On May 27, 2022, nine scientists with ties to the salmon farming industry published an opinion piece in the Globe and Mail titled “In defence of Canada’s peer-reviewed science advisory process on salmon farming.” The piece vaguely criticized several other scientists who recently provided testimony to the House of Commons Standing Committee on Fisheries and Oceans (known as FOPO). The committee of elected MPs is currently investigating science at the department of Fisheries and Oceans (DFO), including DFO’s in-house science peer-review process known as CSAS, science within DFO and how science is used to provide advice for management decisions and to inform the Minister of Fisheries and Oceans.
Our Senior Scientist, Stan Proboszcz, was asked to testify on May 12, 2022. His testimony and substantiating evidence describe an unreported suppression of science by DFO to protect the salmon farming industry. Other expert scientists also testified raising concerns with DFO science and CSAS.
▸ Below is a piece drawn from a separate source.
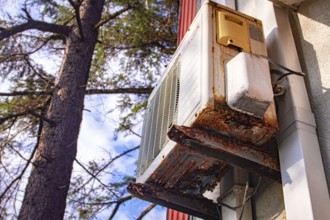 An old and rusty air conditioner hanging on the hotel building, in the sunny outdoor, seaside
Several of those concerns focused on the recent CSAS series of studies that attempted to evaluate the risk of salmon farms to wild sockeye salmon. The scientists’ concerns included:
- the lack of a risk assessment focused on parasitic sea lice;
- the lack of a risk assessment looking at the cumulative effects of all salmon farming pathogens on sockeye salmon;
- the conclusions of minimal risk of salmon farms to wild sockeye salmon do not reflect the current state of knowledge; and
- the risk assessments were neither unbiased nor independent.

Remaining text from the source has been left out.